Data section.
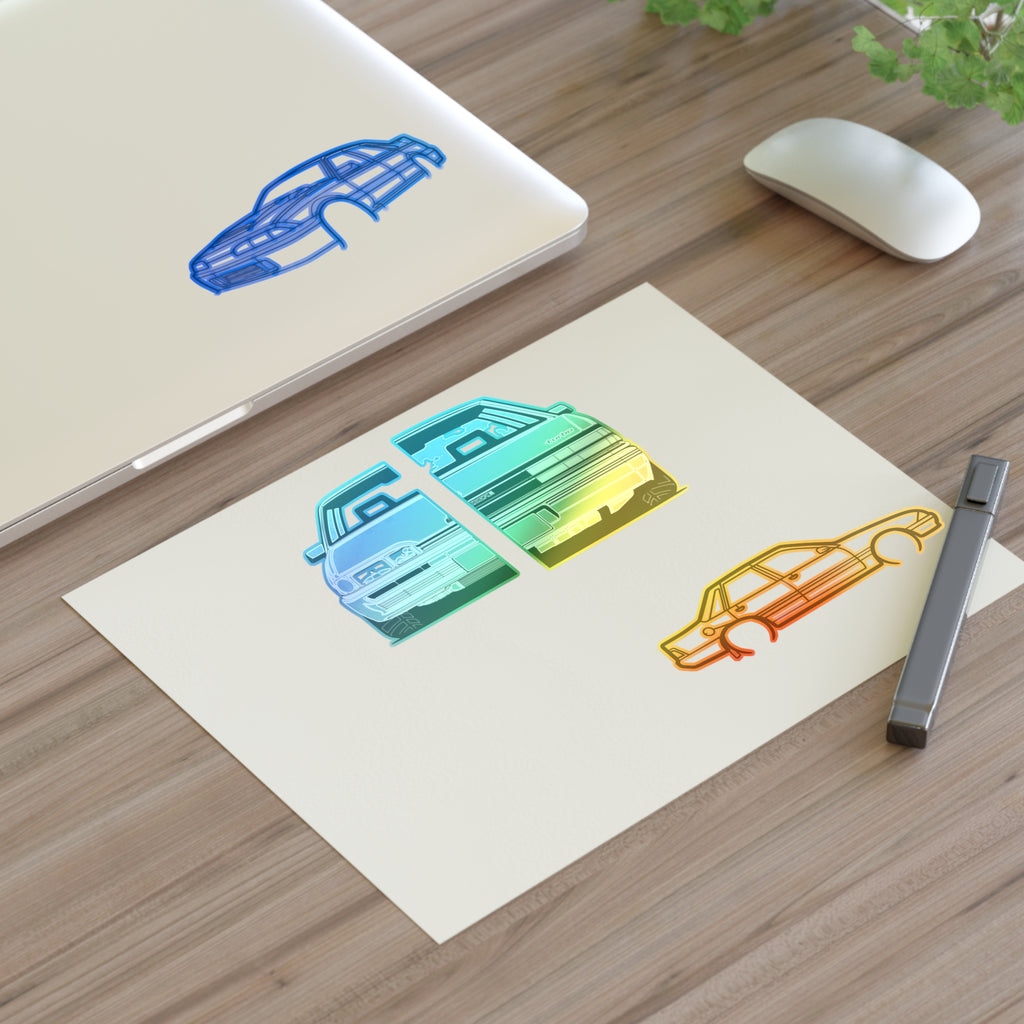 Stickers Fully sick vl brah Line Art Sticker Sheet — Retro Car Outline Decals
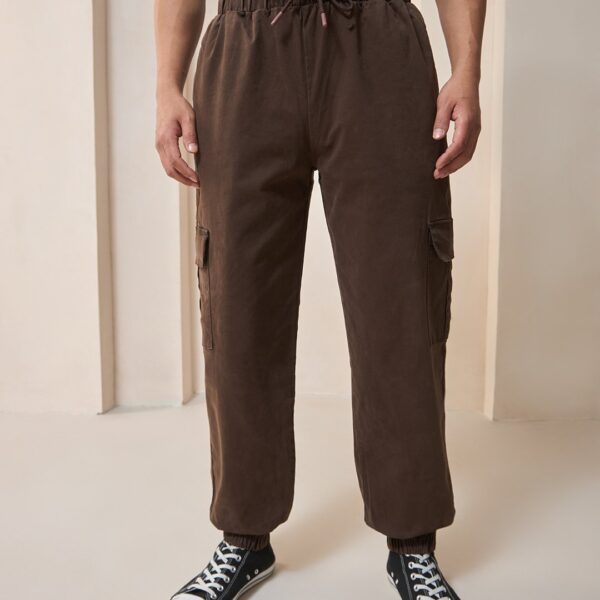 Men’s Brown Oversized Cargo Jogger Pants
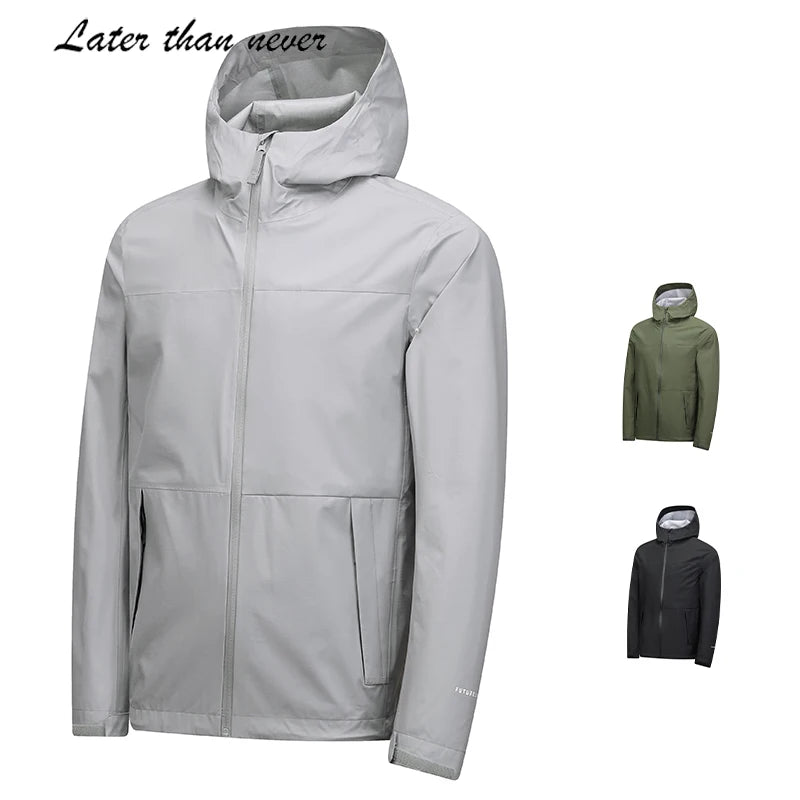 Men's 3-Layer Waterproof Rain Jacket with Hood Fully Seam Taped and Windproof Stand Zipper Sport Hiking Outdoor Hard Shell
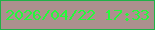 文字の大きさ：2、枠の色：20b247、背景の色：ac908e、文字の色：24f93b 無料ブログパーツのブログ時計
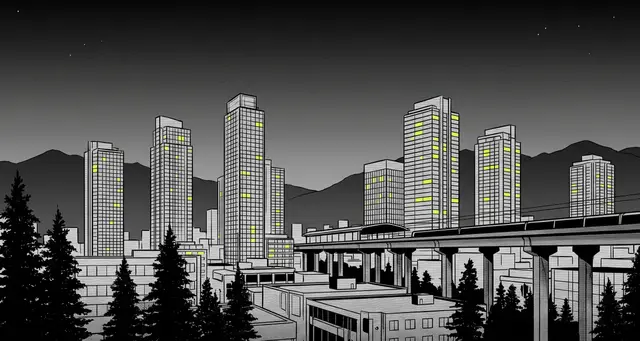 Manga panel of a night skyline: slim towers with a few chartreuse windows, an elevated rail line on pillars and dark conifers in front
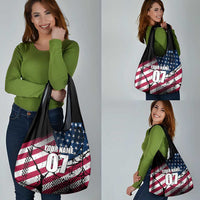 Motocross Rider Grocery Bag with American Flag Grunge Pattern and Custom Name Number - Wonder Print Shop
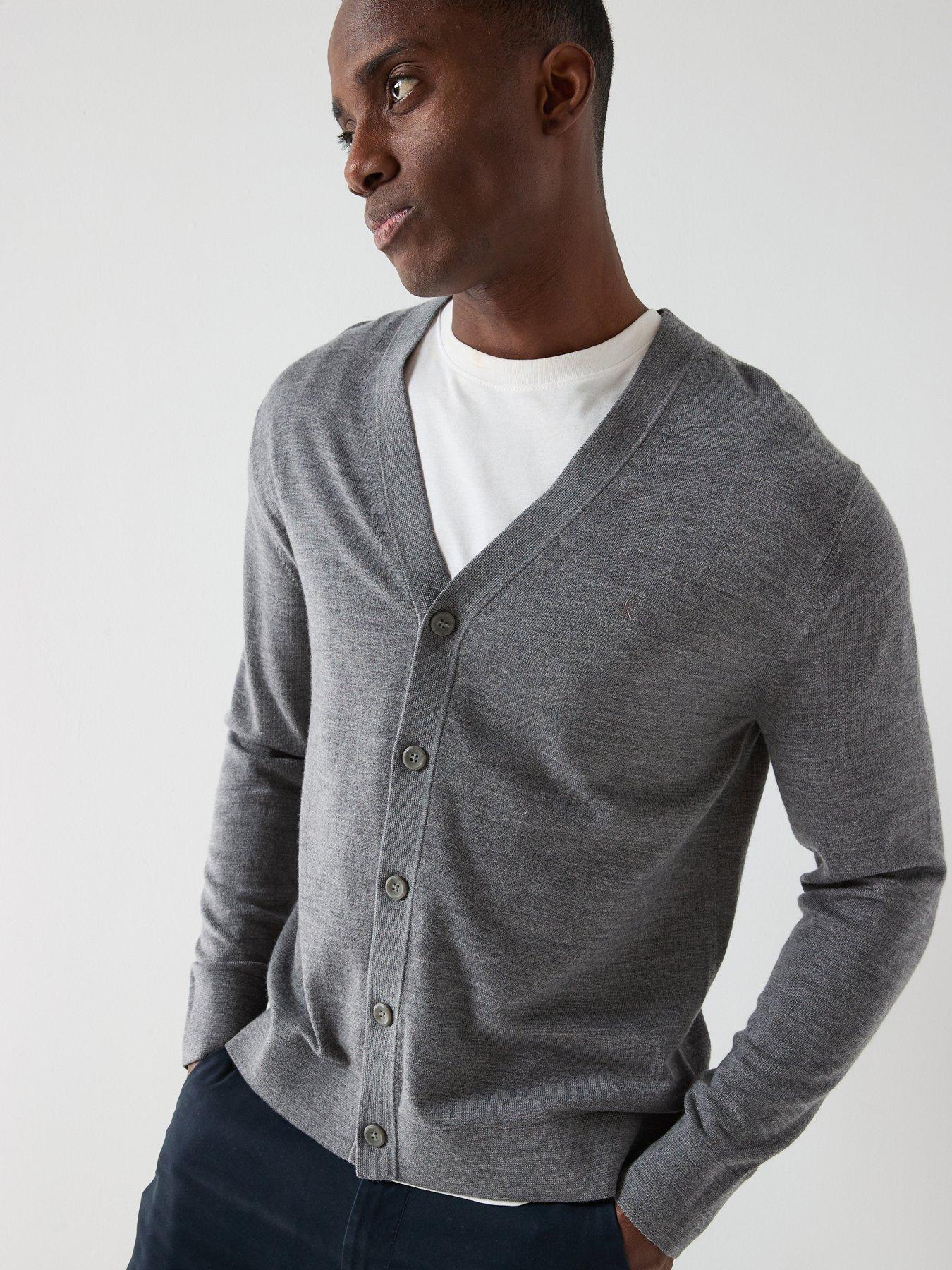front image of calvin-klein-merino-knitted-cardigan-grey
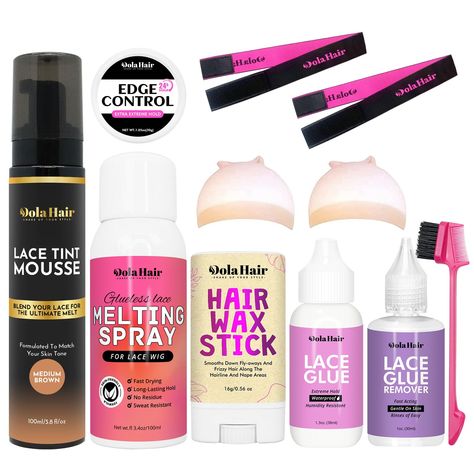 PRICES MAY VARY. Dolahair wig kit for lace front wigs complete set includes: 1x medium brown lace tint mousse, 1x lace melting spray, 1x wig glue, 1x glue remover, 1x30g hair wax stick, 1x 30g edge control, 1xedge brush, 2xHD wig caps, 2x lace melting bands Tint your lace & define your baby hairs: You’ll never have to apply makeup to your lace ever again! Dolahair Hide Out Lace Tint Mousse makes it easy to achieve a natural-looking install by making it look as if your lace wig is growing out of Lace Front Wig Tools, Wig Supplies, Wig Essentials, The Best Edge Control, Wig Kit, Best Edge Control, Wig Installation, Lace Glue, Hair Wax Stick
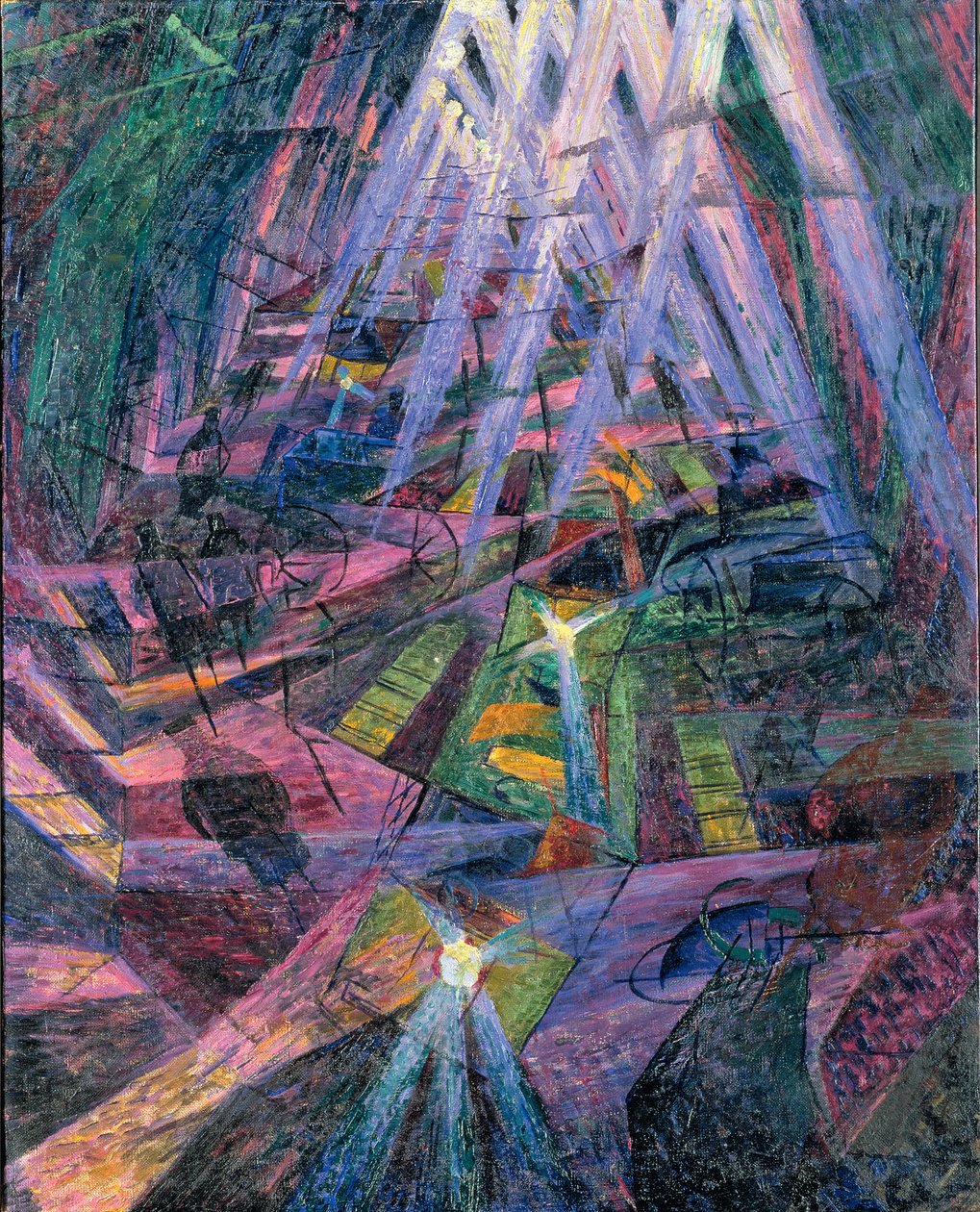 Bir yolun kuvvetleri - Bir yolun kuvvetleri, Boccioni, Umberto (1882-1916). Tuval üzerine yağlı boya, boyut: 99.5x80.5 by Umberto Boccioni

Task details. Reproduce exactly the lines of the entries above from the first through the line with "PRICES MAY VARY.", both included; pictures should not be reproduced.

Output below.
 Stickers Fully sick vl brah Line Art Sticker Sheet — Retro Car Outline Decals
 Men’s Brown Oversized Cargo Jogger Pants
 Men's 3-Layer Waterproof Rain Jacket with Hood Fully Seam Taped and Windproof Stand Zipper Sport Hiking Outdoor Hard Shell
 文字の大きさ：2、枠の色：20b247、背景の色：ac908e、文字の色：24f93b 無料ブログパーツのブログ時計
 Manga panel of a night skyline: slim towers with a few chartreuse windows, an elevated rail line on pillars and dark conifers in front
 Motocross Rider Grocery Bag with American Flag Grunge Pattern and Custom Name Number - Wonder Print Shop
front image of calvin-klein-merino-knitted-cardigan-grey
 PRICES MAY VARY. Dolahair wig kit for lace front wigs complete set includes: 1x medium brown lace tint mousse, 1x lace melting spray, 1x wig glue, 1x glue remover, 1x30g hair wax stick, 1x 30g edge control, 1xedge brush, 2xHD wig caps, 2x lace melting bands Tint your lace & define your baby hairs: You’ll never have to apply makeup to your lace ever again! Dolahair Hide Out Lace Tint Mousse makes it easy to achieve a natural-looking install by making it look as if your lace wig is growing out of Lace Front Wig Tools, Wig Supplies, Wig Essentials, The Best Edge Control, Wig Kit, Best Edge Control, Wig Installation, Lace Glue, Hair Wax Stick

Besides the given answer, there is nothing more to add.